- Genre: Television documentary
- Country of origin: United States
- Original language: English
- No. of seasons: 1
- No. of episodes: 10

Production
- Executive producers: Tom Hanks Gary Goetzman Mark Herzog
- Running time: 60 minutes
- Production companies: CNN Playtone Herzog & Company

Original release
- Network: CNN
- Release: May 29 – August 14, 2014

Related
- The Seventies The Eighties The Nineties The 2000s The Movies The 2010s

= The Sixties (miniseries) =

The Sixties is a documentary miniseries which premiered on CNN on May 29, 2014.

== Overview ==
Produced by Tom Hanks and Gary Goetzman's studio Playtone, the 10-part series chronicled events and popular culture of the United States during the 1960s.

==Episodes==

| No. | Title | Original release date | U.S. viewers (millions) |
| 1 | "Television Comes of Age" | May 29, 2014 | 0.946 |
Major events and milestones that lead to the changing landscape of television in the 1960s, including The Twilight Zone, The Fugitive, The Dick Van Dyke Show, and I Dream of Jeannie.
| 2 | "The World on the Brink" | June 5, 2014 | 0.866 |
Events of the Cold War in the 1960s, including the Bay of Pigs Invasion and the Cuban Missile Crisis.
| 3 | "The Assassination of President Kennedy" | June 13, 2014 | 0.765 |
The events surrounding the assassination of John F. Kennedy, including an examination of the 1964 Warren report and interviews with eyewitnesses.
| 4 | "The War in Vietnam" | June 19, 2014 | 0.872 |
The start of the Vietnam War and the role Lyndon B. Johnson played in it.
| 5 | "A Long March to Freedom" | June 26, 2014 | 0.751 |
Key moments in the Civil Rights Movement, including the March on Washington, lunch counter sit-ins, Freedom Rides, Freedom Summer, Integration of schools, and the Children's Crusade.
| 6 | "The British Invasion" | July 10, 2014 | 0.914 |
British musical groups and recording artists, such as the Beatles, that had an influence in the 1960s on American music.
| 7 | "The Space Race" | July 24, 2014 | 0.583 |
The beginning of Space exploration and competition between the United States and the Soviet Union to be the first to land on the Moon.
| 8 | "1968" | July 31, 2014 | 0.797 |
Dramatic events of 1968, including the Soviet incursion into Czechoslovakia, assassinations, developments in the Southeast Asia wars, the end of the Johnson administration, violence at the 1968 Democratic National Convention and Richard Nixon's election.
| 9 | "The Times They Are A-Changin'" | August 7, 2014 | 0.903 |
The changing views people began to have of Feminism, Civil Rights, Environmentalism, Conservatism and Gay Rights in the 1960s.
| 10 | "Sex, Drugs, and Rock 'N' Roll" | August 14, 2014 | 0.921 |
Music of the 1960s takes a new form with sex and drugs.

==Production==
===Development===
In 2013, CNN president Jeff Zucker came up with the concept of The Sixties from conversations about "the forthcoming anniversary of JFK’s assassination, The Beatles, and the civil rights movement". Inspiration for the series also came to Zucker after being impressed with the National Geographic historical television film Killing Lincoln, which included Mark Herzog as one of the executive producers.
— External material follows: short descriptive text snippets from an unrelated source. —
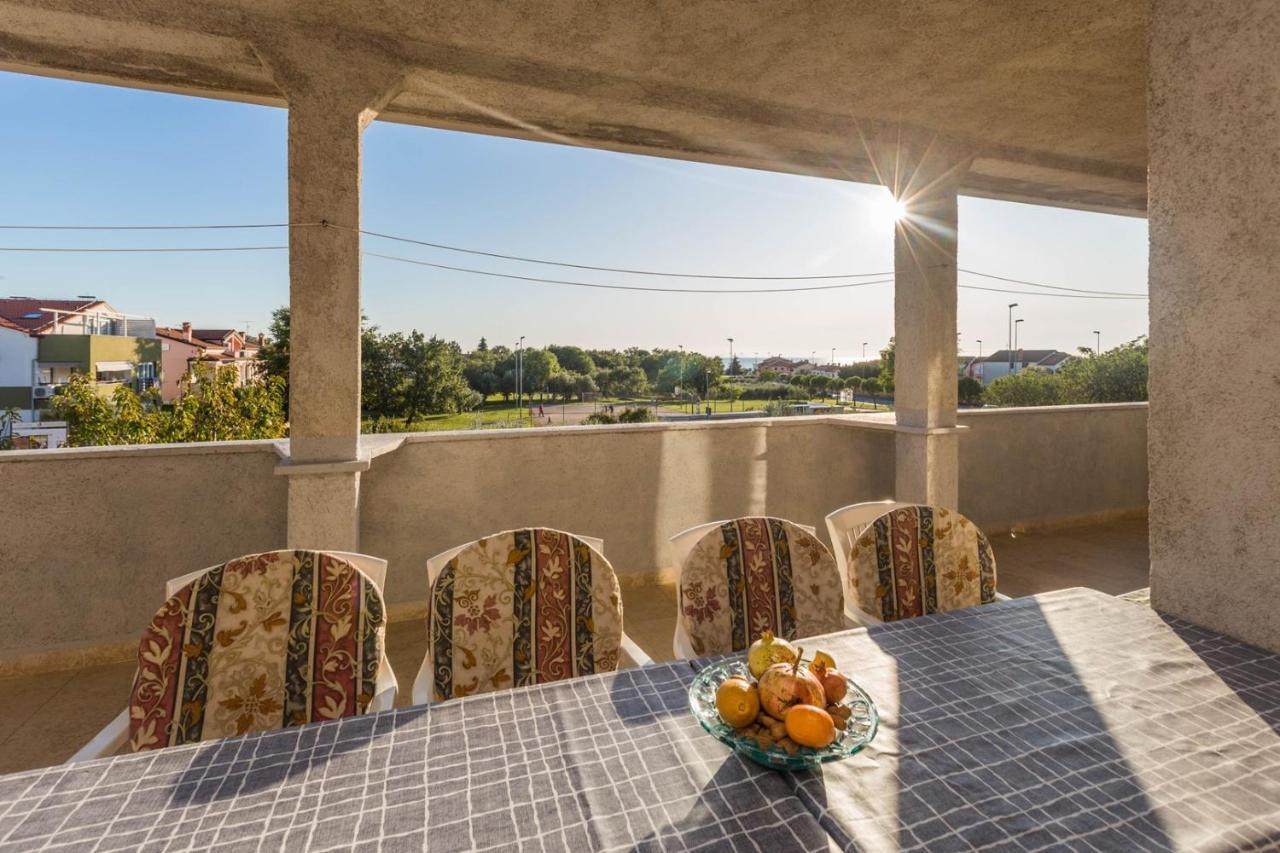 Seaside Paola: 3-bedroom Garden Retreat Apartmán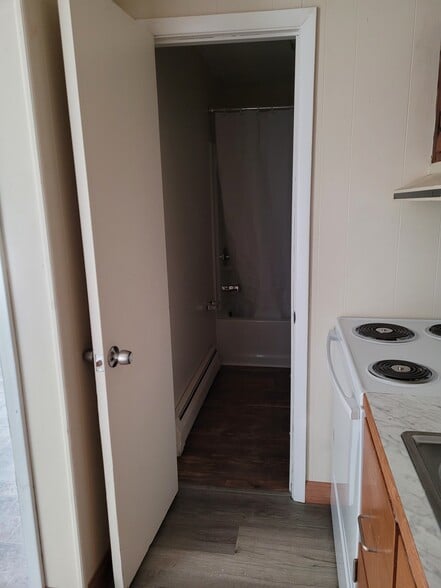 Kitchen - 101 Mitchell St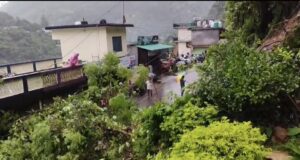 बारिश से कर्णप्रयाग में सड़क किनारे खड़े दोपहिया वाहन मलबे की चपेट में, कई क्षतिग्रस्त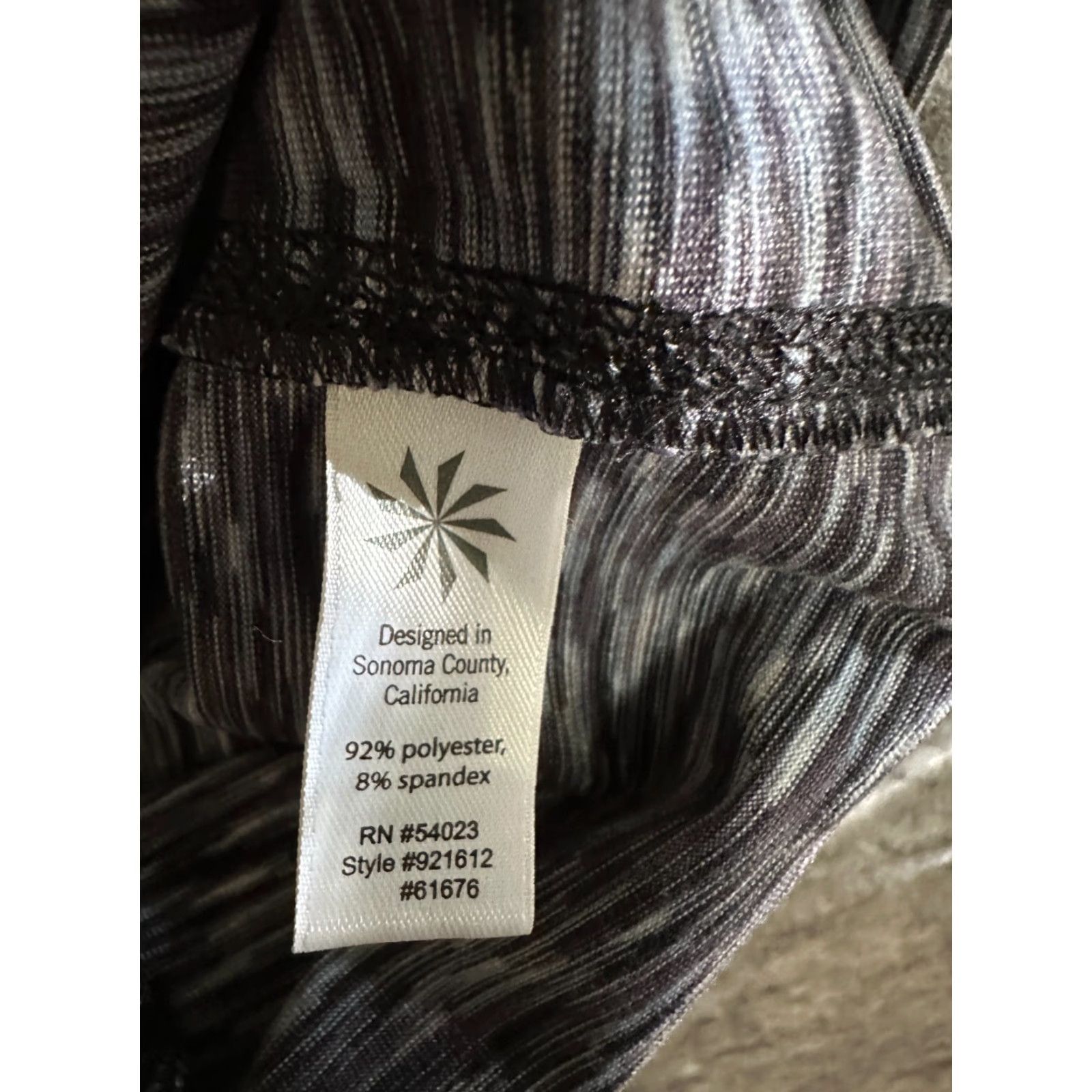 Athleta Athleta Pullover Shirt Womens Medium Mock Neck 1/4 Zip Gray Striped Long Sleeve Running & Jogging Activewear Size M / US 6-8 / IT 42-44 - 5 Thumbnail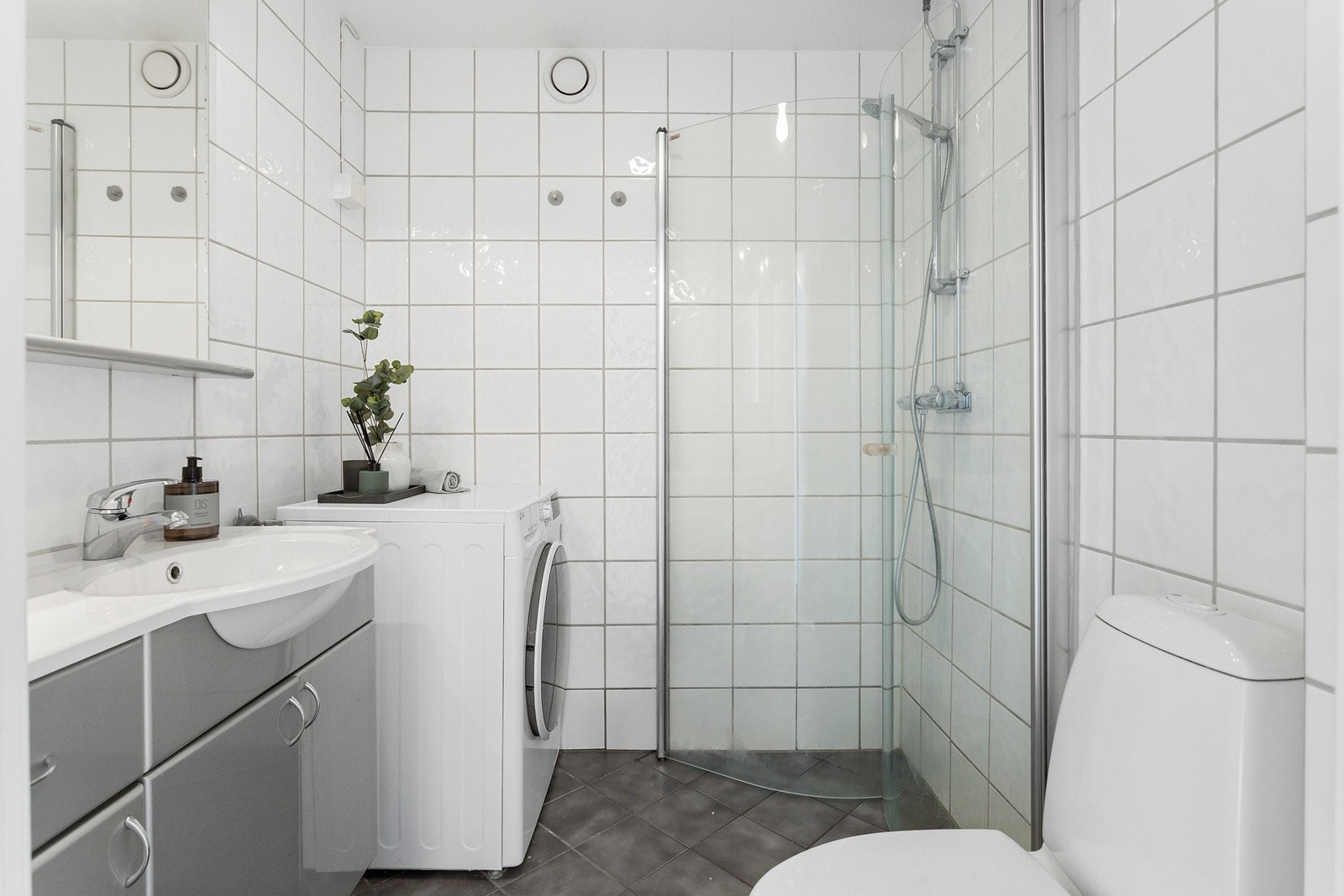 Flislagt baderom fra 2003 Galleribilde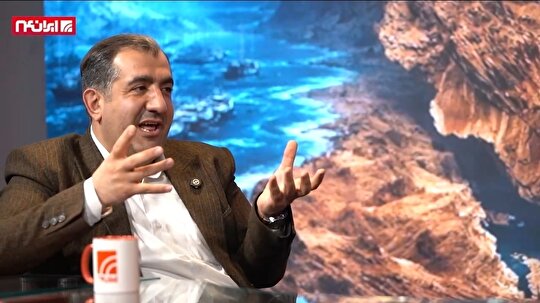 خورسند: در صورت شکست کامل مذاکرات، به ساخت بمب هسته‌ای بیندیشیم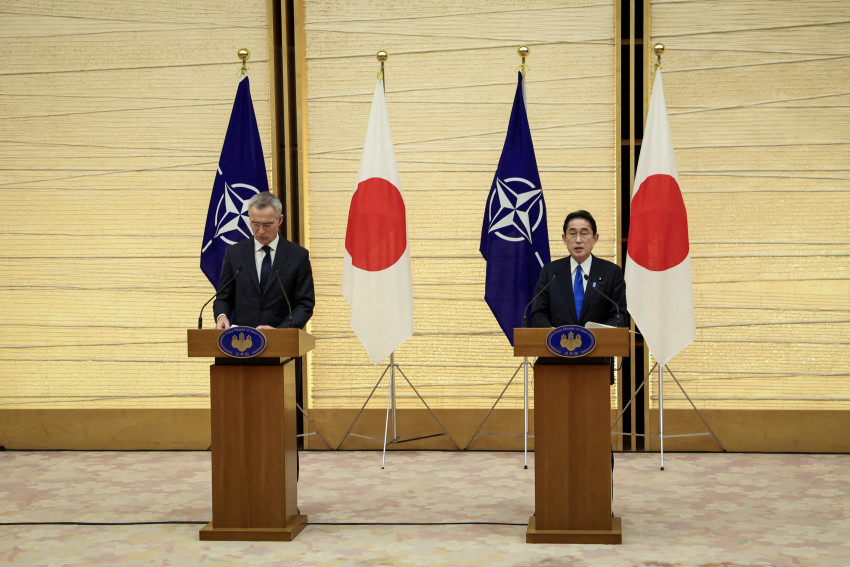 Kishida Heads to NATO Summit to Warn of East Asia Risks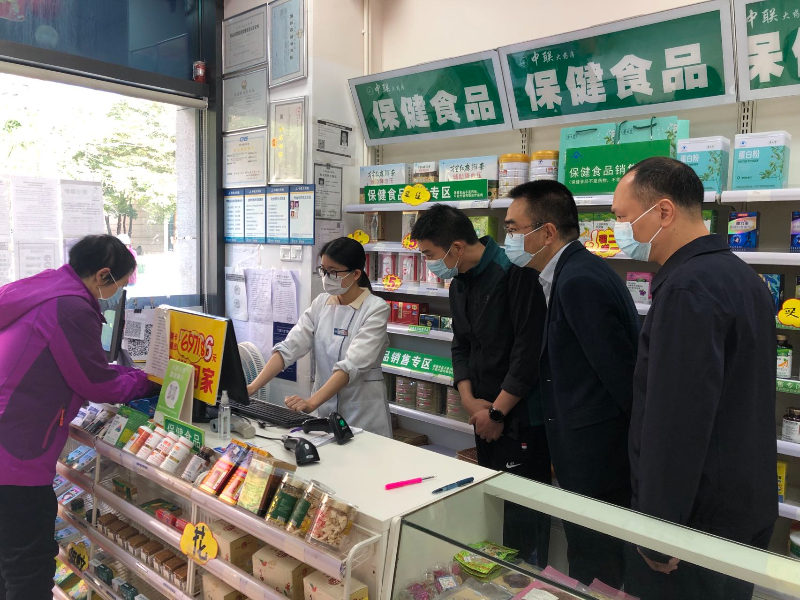 区纪委监委监督检查组到清水河街道银湖蓝山汇中联大药房检查药店是否做好发烧感冒药购买登记工作。（陈雪文 摄）.jpg
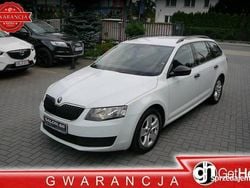Biały Używany 2015 Skoda Octavia Kombi | 29 900 zł (Dobra cena)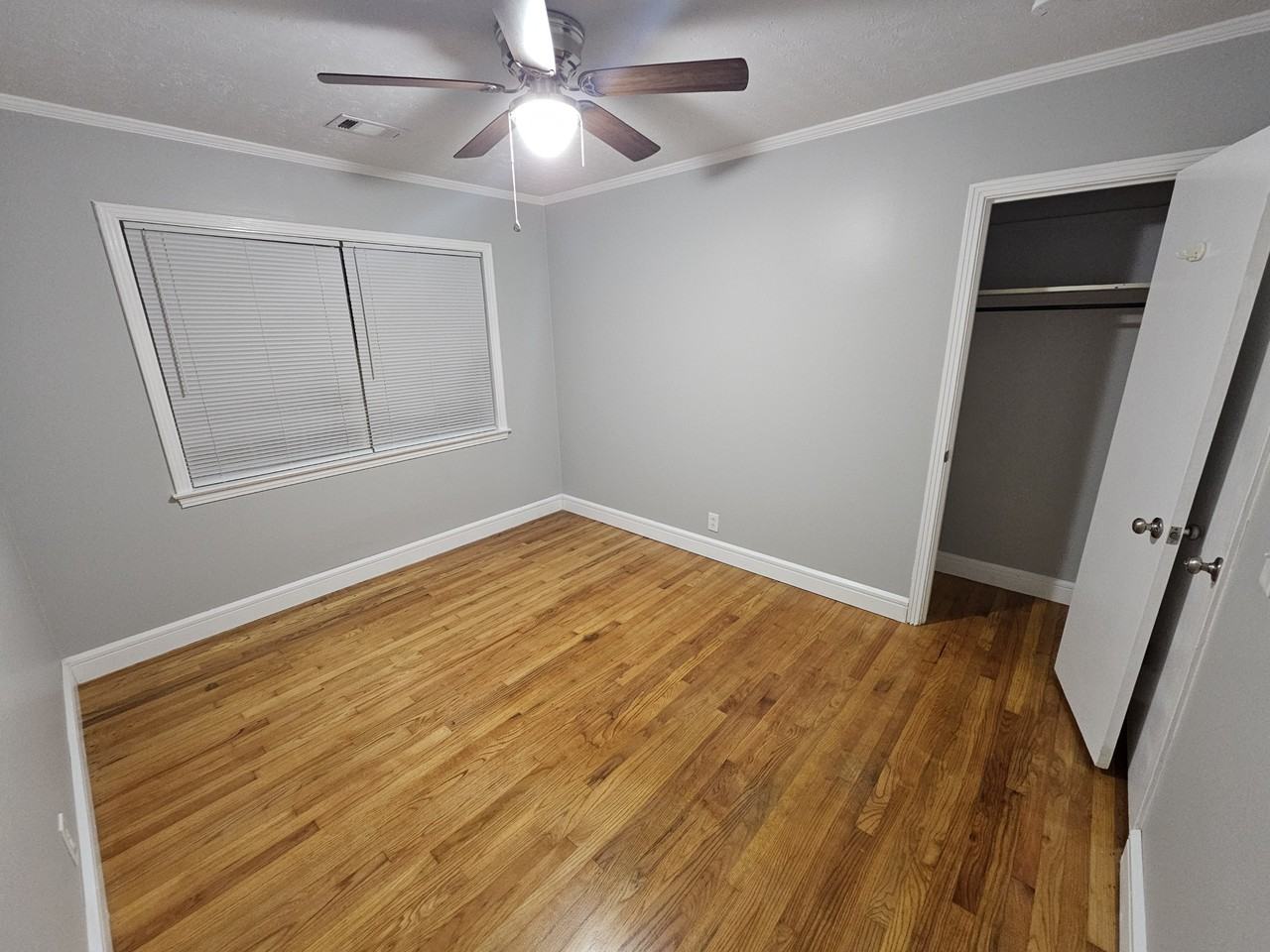 416 Rebecca Ave - Photo 3 of 9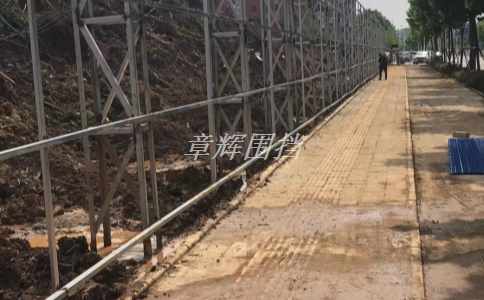 pvc圍擋在長時間暴曬后出現變色怎么辦？（處理陽光導致顏色變淺的問題）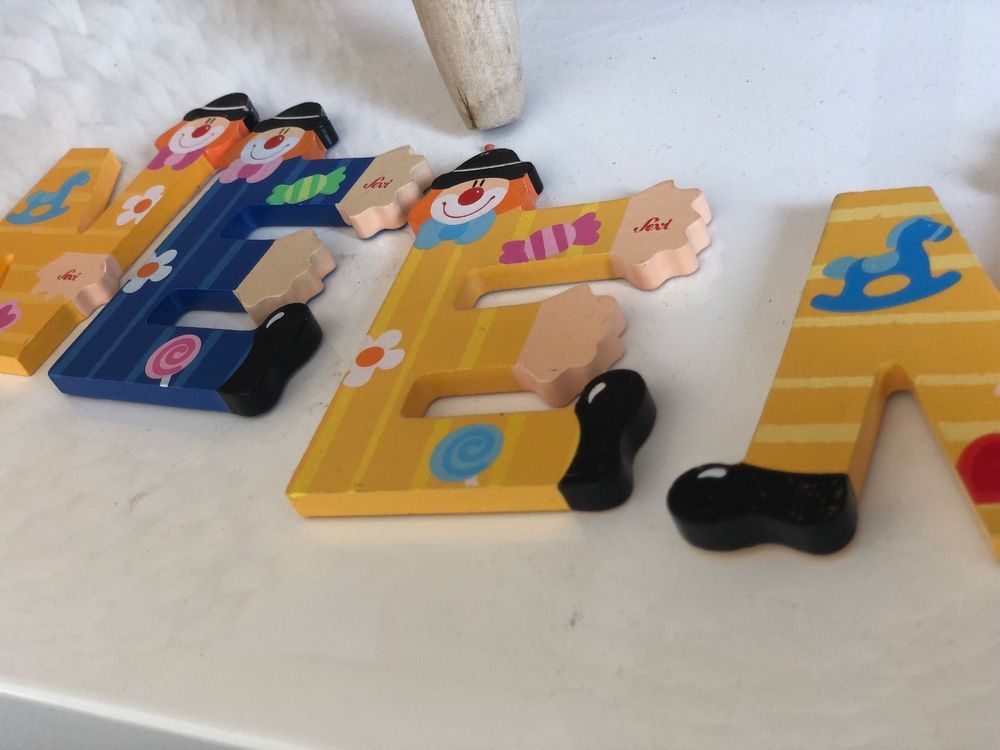 Buchstaben für Kinderzimmer-Tür | Kaufen auf Ricardo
Upon the announcement of the series by Variety on September 17, 2013, Vinnie Malhotra, senior vice president of development and acquisition in CNN, stated that they were "looking at [The Sixties] as a major television event." With the inception of the project coming within a year of Zucker's appointment as president of CNN, Zucker also stated to Variety that "Projects like this are emblematic of exactly the type of programming that we need more of, signifying a new direction and expanded sensibility at CNN."

===Release===
Although The Sixties premiered in May 2014, the third episode, "The Assassination of President Kennedy", was previously released as its own television special on November 14, 2013, to coincide with the 50th anniversary of John F. Kennedy's assassination.

== Reception ==

=== Viewership ===
The premiere of The Sixties was a ratings success for CNN; it was seen by 1.39 million total viewers, finishing in between Fox News Channel and MSNBC in total viewership, and beating its rivals in key demographic audience share.

== Spin-offs ==
CNN has since commissioned follow-ups covering later decades, including The Seventies (2015), The Eighties (2016), The Nineties (2017), The 2000s (2018), and The 2010s (2023). In 2018, Playtone, which recounted the events of 1968 as episode 8 in this series, revisited the year in more detail in the four-part series 1968: The Year That Changed America.